日経、英FTを買収 ピアソンから1600億円で
日本経済新聞社は23日、英国の有力経済紙フィナンシャル・タイムズ・グループ(FT)を買収することで同社の親会社である英ピアソンと合意した。8億4400万ポンド(約1600億円)で全株式を取得する。メディアブランドとして世界屈指の価値を持つFTを日経グループに組み入れ、グローバル報道の充実とデジタル事業など成長戦略の推進につなげる。
ピアソンが23日開いた取締役会で了承した。買収価格にはFTが保有する現金(1900万ポンド)を含んでおり、日経が支払う価格は8億2500万ポンドになる。日本のメディア企業による海外企業の買収案件としては、過去最大の規模となる。

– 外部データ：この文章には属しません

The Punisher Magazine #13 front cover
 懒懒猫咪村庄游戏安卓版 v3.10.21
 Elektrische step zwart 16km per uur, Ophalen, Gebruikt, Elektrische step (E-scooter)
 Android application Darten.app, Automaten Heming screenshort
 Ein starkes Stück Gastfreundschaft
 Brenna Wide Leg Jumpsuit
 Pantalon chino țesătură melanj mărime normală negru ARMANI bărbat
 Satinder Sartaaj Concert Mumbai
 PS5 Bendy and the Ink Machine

FTの創刊は1888年。世界有数の経済・ビジネスメディアとして影響力を誇る。日経はアジアを中心とするグローバル情報発信に力を入れている。両社は記者、編集者をはじめとする人的資源や報道機関としての伝統、知見を持ち寄り、世界的に例のない強力な経済メディアとしての進化をめざす。
FTはデジタル化の流れにもすばやく対応し、現在ではデジタル版の有料読者が約50万人と全体の約70%を占める。日経も電子版読者が43万人に達している。経済・ビジネス情報はデジタル時代に成長が期待できる分野であり、両社の顧客基盤を活用してさまざまなデジタル事業に取り組む。